* Records provided *
● ● ●
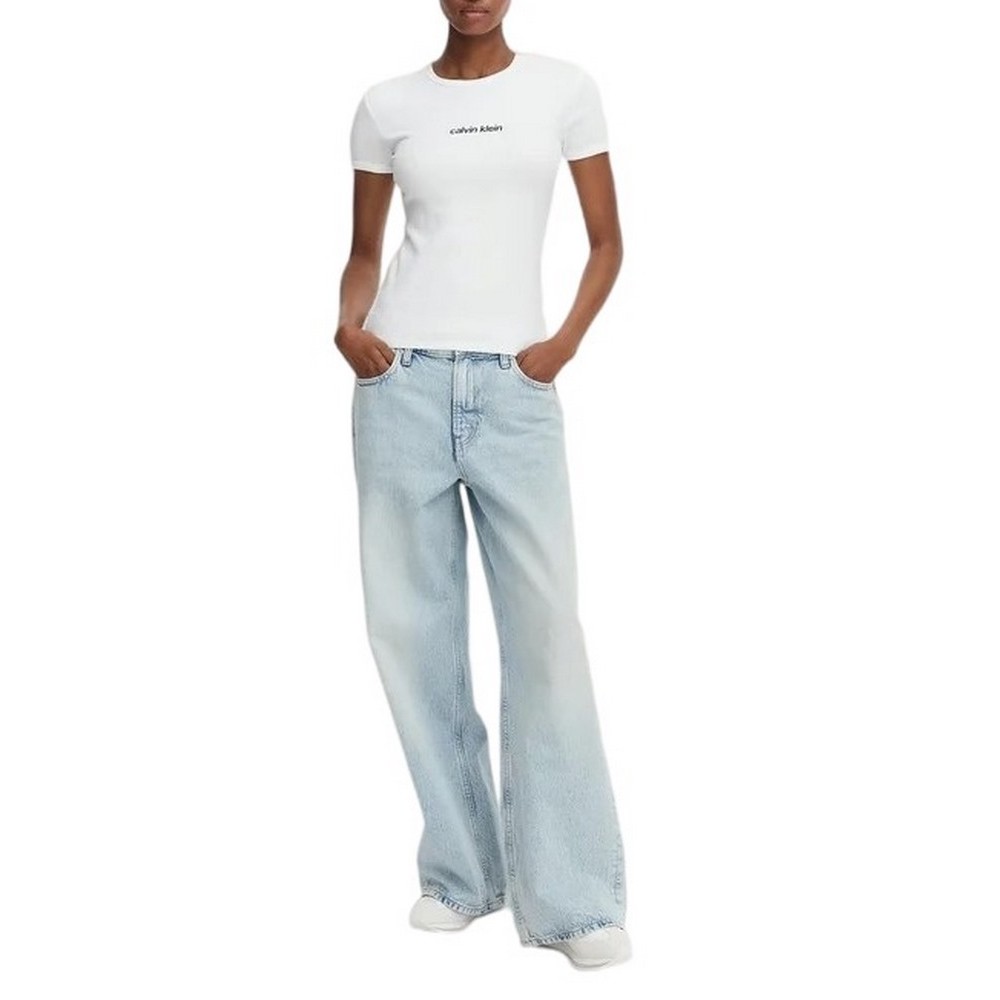 CALVIN KLEIN CONTOUR RIB LOGO RINGER TEE T-SHIRT ΜΠΛΟΥΖΑ ΓΥΝΑΙΚΕΙΑ WHITE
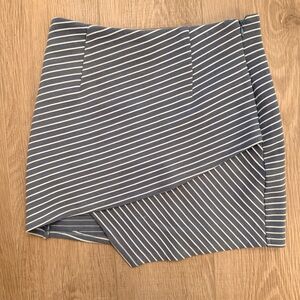 Storia Striped Blue Wrap Mini Skirt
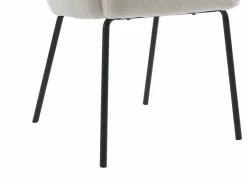 Vente-unique Lote 6 sillas en forma de ola de tejido rizado y metal - MORONI de Pascal MORABITO Crema Outlet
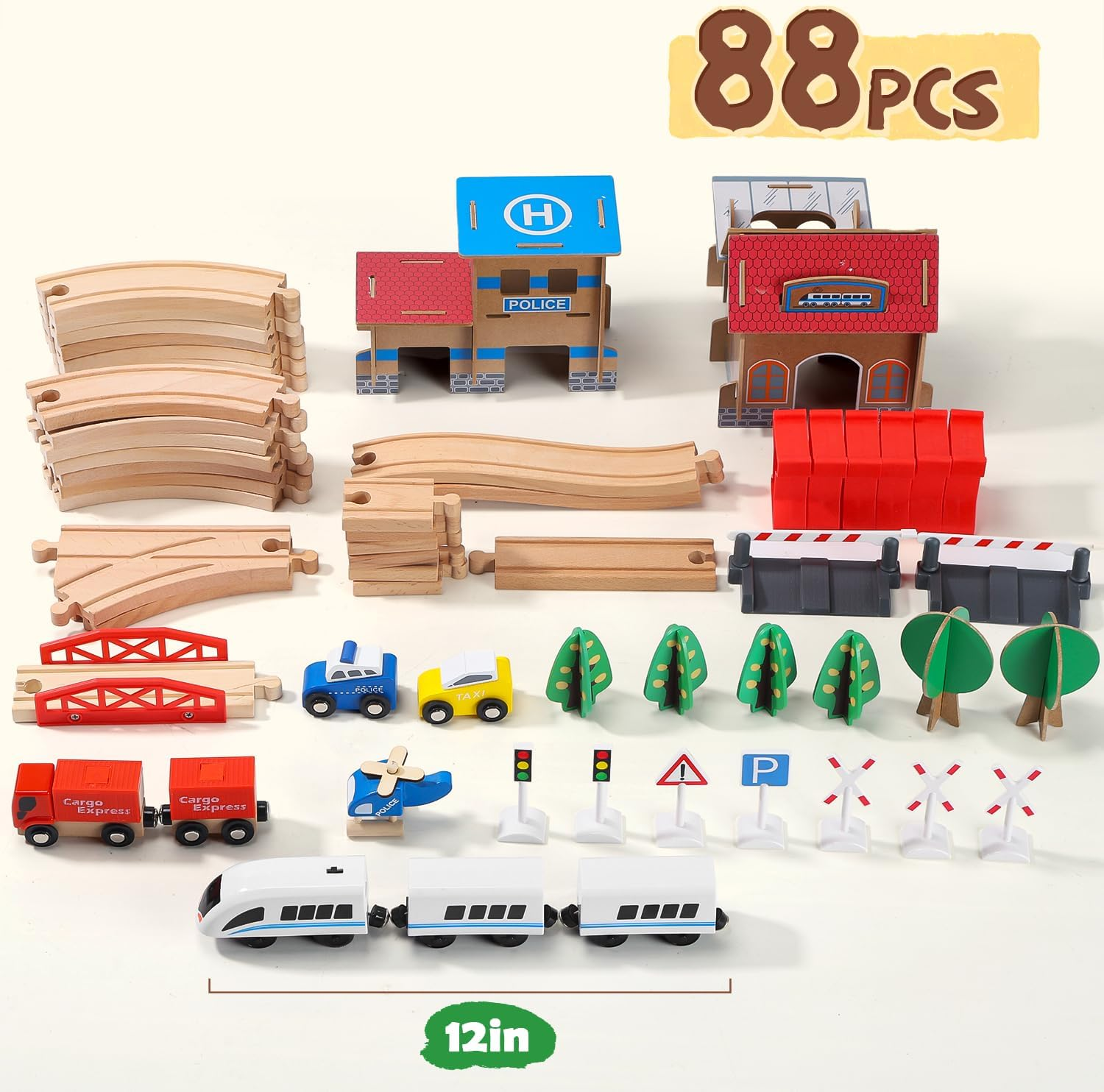 HOLYFUN Electric Wooden Train Toy Set for Toddlers, 88 PCS Train Track Toys with Cars & Accessories, Railway Set for 3 4 5 Years Old Kids, Boys and Girls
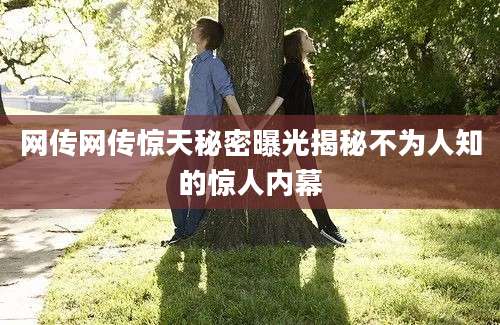 网传网传惊天秘密曝光揭秘不为人知的惊人内幕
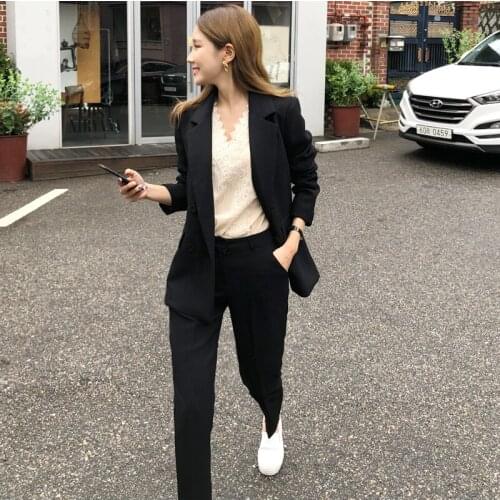 2 piece sets womens outfits autumn and winter casual fashion slim office ladies business professional OL black suit
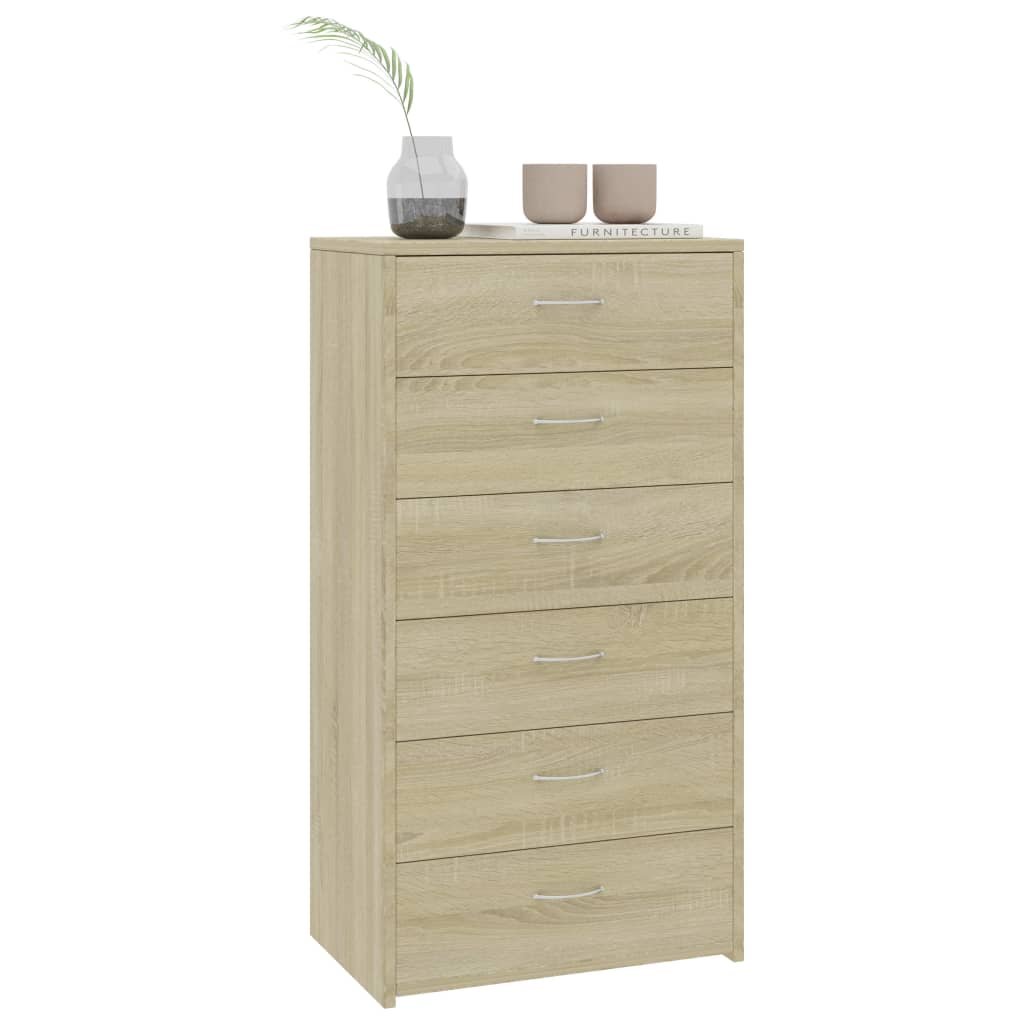 Skjenk med 6 skuffer sonoma eik 50x34x96 cm konstruert tre vidaXL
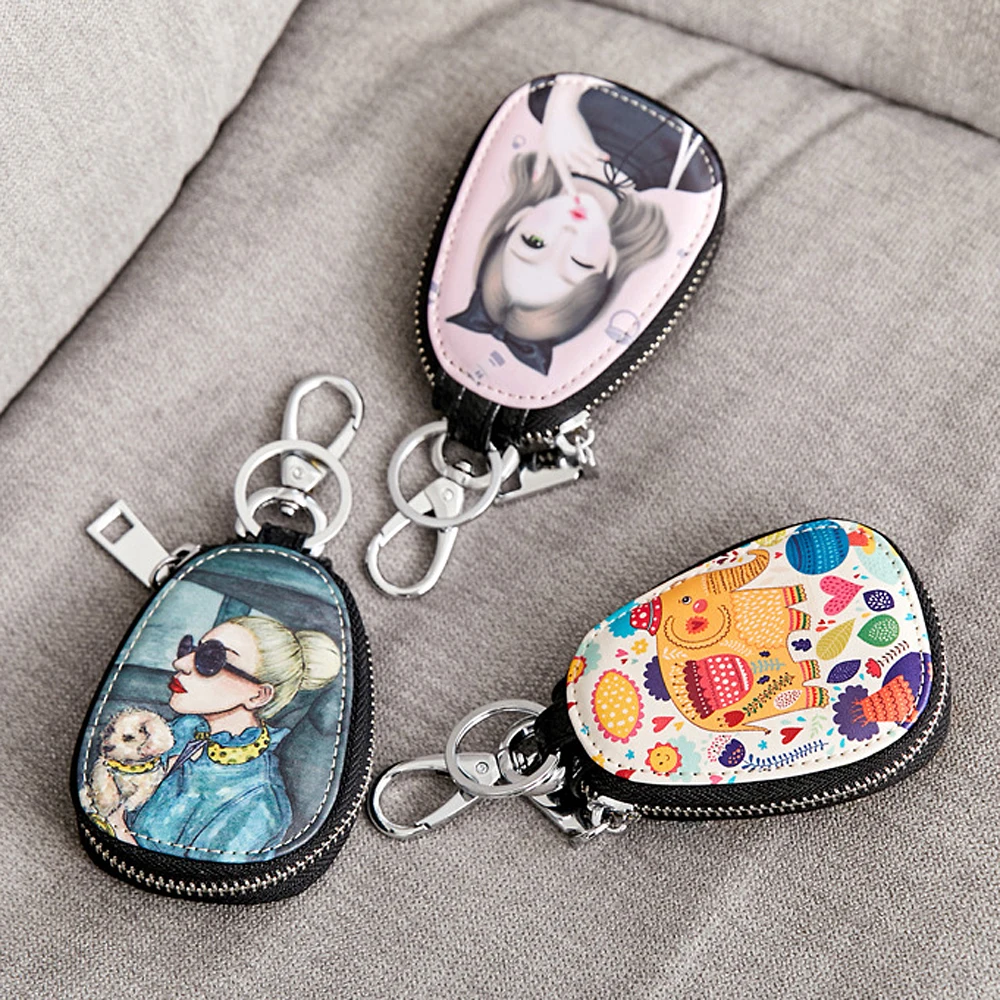 Fashion Painted Design Key Bag for Women Small Leather Key Wallets Housekeepers Car Holder Case
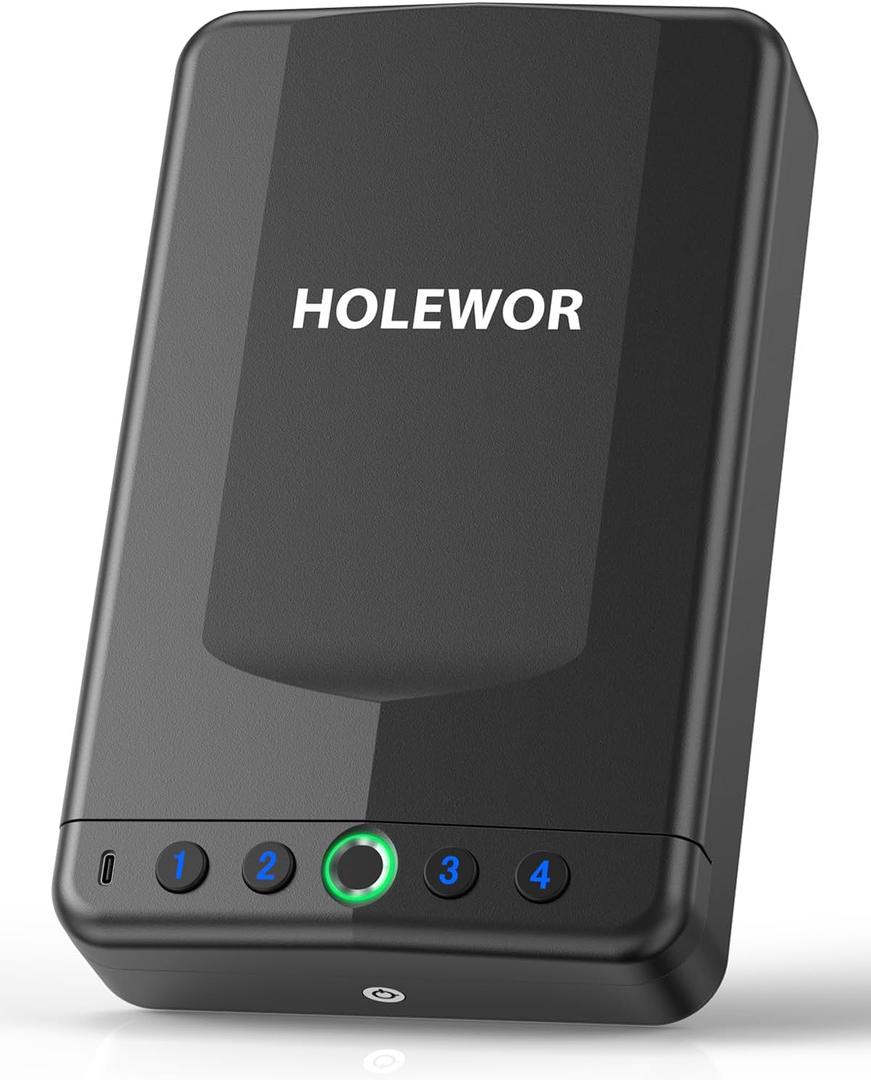 HOLEWOR Car Gun Safe, Small Pistol Safe Biometric Gun Lock Box for Handgun, Portable Fingerprint Quick Access Travel Gun Case for Nightstand Bedside
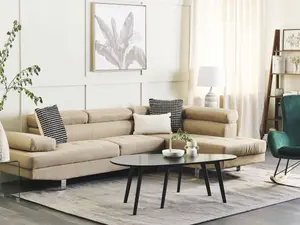 Corner Sofa NORREA Light Beige Fabric Left Hand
● ● ●
Go to the line containing "Fashion Painted Design", then write out word for word every line from there to the end of the listing. Keep both end lines and drop the pictures.

 Fashion Painted Design Key Bag for Women Small Leather Key Wallets Housekeepers Car Holder Case
 HOLEWOR Car Gun Safe, Small Pistol Safe Biometric Gun Lock Box for Handgun, Portable Fingerprint Quick Access Travel Gun Case for Nightstand Bedside
 Corner Sofa NORREA Light Beige Fabric Left Hand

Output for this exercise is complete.